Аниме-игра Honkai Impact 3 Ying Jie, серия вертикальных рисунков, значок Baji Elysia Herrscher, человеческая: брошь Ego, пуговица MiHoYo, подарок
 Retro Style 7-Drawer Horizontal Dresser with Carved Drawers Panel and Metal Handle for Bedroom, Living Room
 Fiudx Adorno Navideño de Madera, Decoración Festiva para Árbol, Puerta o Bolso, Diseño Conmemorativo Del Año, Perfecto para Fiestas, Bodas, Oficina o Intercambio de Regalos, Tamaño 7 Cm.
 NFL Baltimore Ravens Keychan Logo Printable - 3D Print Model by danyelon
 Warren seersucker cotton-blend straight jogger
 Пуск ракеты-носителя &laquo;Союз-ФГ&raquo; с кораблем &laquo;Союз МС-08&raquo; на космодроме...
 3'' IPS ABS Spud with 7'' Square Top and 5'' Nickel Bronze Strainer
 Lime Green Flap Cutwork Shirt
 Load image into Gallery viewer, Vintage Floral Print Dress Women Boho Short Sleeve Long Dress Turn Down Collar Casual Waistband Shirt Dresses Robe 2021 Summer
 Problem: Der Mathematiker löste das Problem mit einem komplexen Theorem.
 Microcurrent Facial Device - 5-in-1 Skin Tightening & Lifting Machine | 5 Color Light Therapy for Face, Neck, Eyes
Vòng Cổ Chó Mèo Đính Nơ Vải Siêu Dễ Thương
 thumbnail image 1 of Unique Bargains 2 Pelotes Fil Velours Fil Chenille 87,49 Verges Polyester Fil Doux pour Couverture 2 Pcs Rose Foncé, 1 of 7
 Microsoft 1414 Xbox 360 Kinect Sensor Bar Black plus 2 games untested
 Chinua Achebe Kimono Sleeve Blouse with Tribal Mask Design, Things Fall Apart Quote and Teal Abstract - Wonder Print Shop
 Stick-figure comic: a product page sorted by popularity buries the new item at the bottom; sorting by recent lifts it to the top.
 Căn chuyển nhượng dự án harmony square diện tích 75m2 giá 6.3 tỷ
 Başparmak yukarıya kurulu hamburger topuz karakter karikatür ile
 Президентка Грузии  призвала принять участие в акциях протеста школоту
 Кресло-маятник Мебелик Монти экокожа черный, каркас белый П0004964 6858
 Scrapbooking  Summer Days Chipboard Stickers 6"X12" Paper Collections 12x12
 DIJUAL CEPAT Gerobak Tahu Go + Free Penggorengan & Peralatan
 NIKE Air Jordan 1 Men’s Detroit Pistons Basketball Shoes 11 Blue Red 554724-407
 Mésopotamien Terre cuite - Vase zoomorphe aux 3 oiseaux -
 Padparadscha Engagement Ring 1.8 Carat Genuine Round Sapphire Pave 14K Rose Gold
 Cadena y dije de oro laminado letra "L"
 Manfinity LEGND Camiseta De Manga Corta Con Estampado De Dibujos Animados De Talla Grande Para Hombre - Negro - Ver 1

┄┄┄┄┄┄

* **Your objective**: Output the full listing. Match it exactly.

* **Solution**:
Аниме-игра Honkai Impact 3 Ying Jie, серия вертикальных рисунков, значок Baji Elysia Herrscher, человеческая: брошь Ego, пуговица MiHoYo, подарок
 Retro Style 7-Drawer Horizontal Dresser with Carved Drawers Panel and Metal Handle for Bedroom, Living Room
 Fiudx Adorno Navideño de Madera, Decoración Festiva para Árbol, Puerta o Bolso, Diseño Conmemorativo Del Año, Perfecto para Fiestas, Bodas, Oficina o Intercambio de Regalos, Tamaño 7 Cm.
 NFL Baltimore Ravens Keychan Logo Printable - 3D Print Model by danyelon
 Warren seersucker cotton-blend straight jogger
 Пуск ракеты-носителя &laquo;Союз-ФГ&raquo; с кораблем &laquo;Союз МС-08&raquo; на космодроме...
 3'' IPS ABS Spud with 7'' Square Top and 5'' Nickel Bronze Strainer
 Lime Green Flap Cutwork Shirt
 Load image into Gallery viewer, Vintage Floral Print Dress Women Boho Short Sleeve Long Dress Turn Down Collar Casual Waistband Shirt Dresses Robe 2021 Summer
 Problem: Der Mathematiker löste das Problem mit einem komplexen Theorem.
 Microcurrent Facial Device - 5-in-1 Skin Tightening & Lifting Machine | 5 Color Light Therapy for Face, Neck, Eyes
Vòng Cổ Chó Mèo Đính Nơ Vải Siêu Dễ Thương
 thumbnail image 1 of Unique Bargains 2 Pelotes Fil Velours Fil Chenille 87,49 Verges Polyester Fil Doux pour Couverture 2 Pcs Rose Foncé, 1 of 7
 Microsoft 1414 Xbox 360 Kinect Sensor Bar Black plus 2 games untested
 Chinua Achebe Kimono Sleeve Blouse with Tribal Mask Design, Things Fall Apart Quote and Teal Abstract - Wonder Print Shop
 Stick-figure comic: a product page sorted by popularity buries the new item at the bottom; sorting by recent lifts it to the top.
 Căn chuyển nhượng dự án harmony square diện tích 75m2 giá 6.3 tỷ
 Başparmak yukarıya kurulu hamburger topuz karakter karikatür ile
 Президентка Грузии  призвала принять участие в акциях протеста школоту
 Кресло-маятник Мебелик Монти экокожа черный, каркас белый П0004964 6858
 Scrapbooking  Summer Days Chipboard Stickers 6"X12" Paper Collections 12x12
 DIJUAL CEPAT Gerobak Tahu Go + Free Penggorengan & Peralatan
 NIKE Air Jordan 1 Men’s Detroit Pistons Basketball Shoes 11 Blue Red 554724-407
 Mésopotamien Terre cuite - Vase zoomorphe aux 3 oiseaux -
 Padparadscha Engagement Ring 1.8 Carat Genuine Round Sapphire Pave 14K Rose Gold
 Cadena y dije de oro laminado letra "L"
 Manfinity LEGND Camiseta De Manga Corta Con Estampado De Dibujos Animados De Talla Grande Para Hombre - Negro - Ver 1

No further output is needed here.